The typhoon — which made landfall in Eastern Samar late on Saturday — was moving slowly, dumping heavy rain that could possibly trigger landslides and floods.
Traumatized by Typhoon Haiyan’s widespread deaths and destruction, more than 800,000 people fled to about 1,000 emergency shelters and safer grounds. The Philippine government, backed by the 120,000-member military, had launched massive preparations to attain a zero-casualty target.
Rhea Estuna, a 29-year-old mother of one, fled on Thursday to an evacuation center in Tacloban — the city hardest-hit by Haiyan last year — and waited in fear as Hagupit’s wind and rain lashed the school where she and her family sought refuge. When she peered outside yesterday, she said she saw a different aftermath than what she witnessed last year after Haiyan.
“There were no bodies scattered on the road, no big mounds of debris,” Estuna told reporters by cellphone. “Thanks to God this typhoon was not as violent.”
Haiyan’s tsunami-like storm surges and killer winds left thousands of people dead and leveled entire villages, most of them in and around Tacloban.
Authorities were verifying reports of some deaths, but none had been confirmed so far, Philippine disaster-response agency head Alexander Pama told reporters.
Displaced villagers were asked to return home from emergency shelters in provinces where the danger posed by the typhoon had waned, including Albay, where more than half a million people were advised to leave evacuation sites.

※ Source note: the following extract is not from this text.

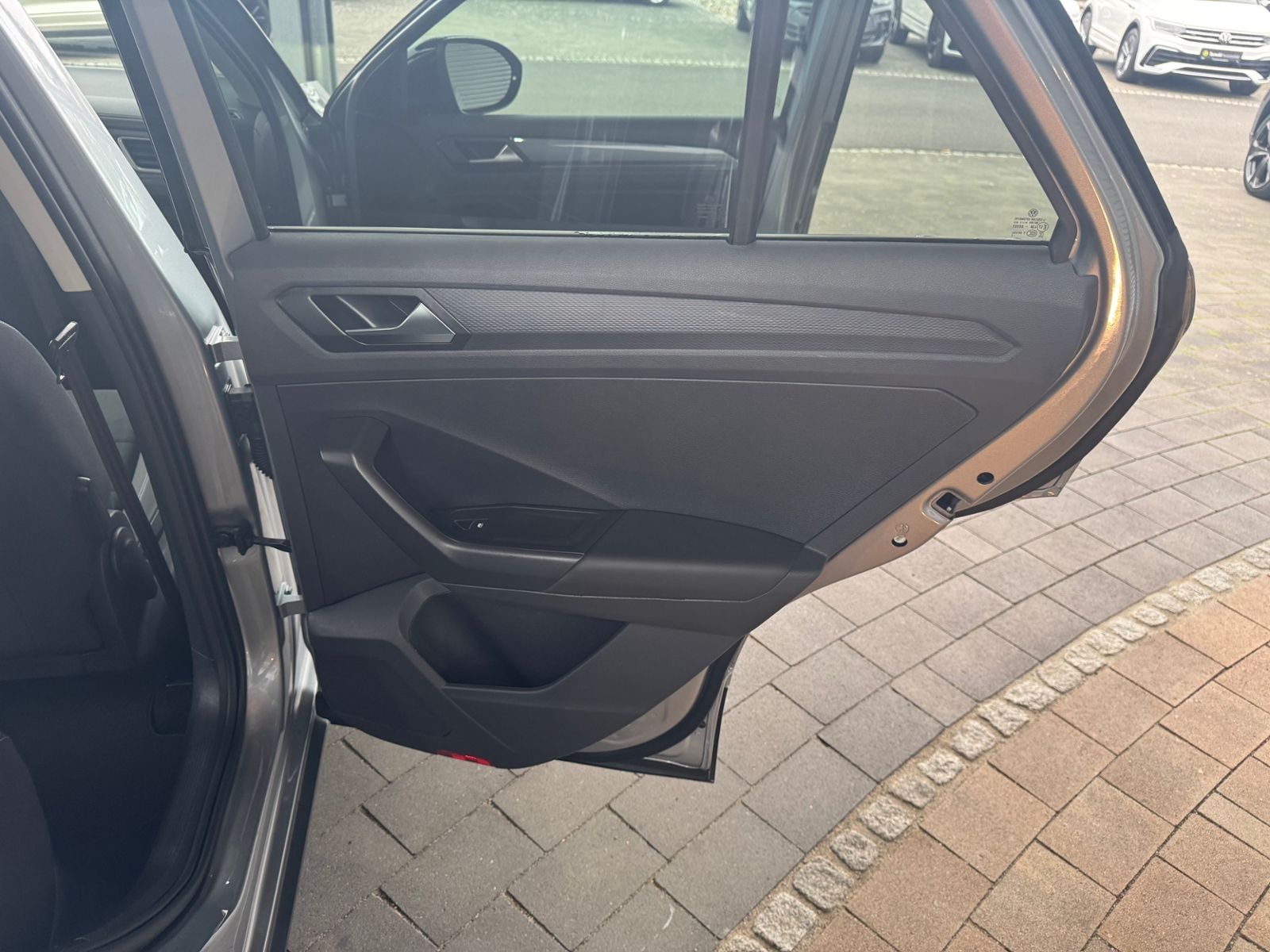 Volkswagen T-Roc 1.5 TSI DSG Style AHK/LED/ALLSEASON foto 20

While officials expressed relief, they were quick to warn that Hagupit — Filipino for “smash” or “lash” — was still on course to barrel across three major central islands before starting to blow away into the South China Sea tomorrow.
“It’s too early to tell,” Philippine Red Cross secretary-general Gwendolyn Pang said. “Let’s cross our fingers that it will stay that way. It’s too close to Christmas.”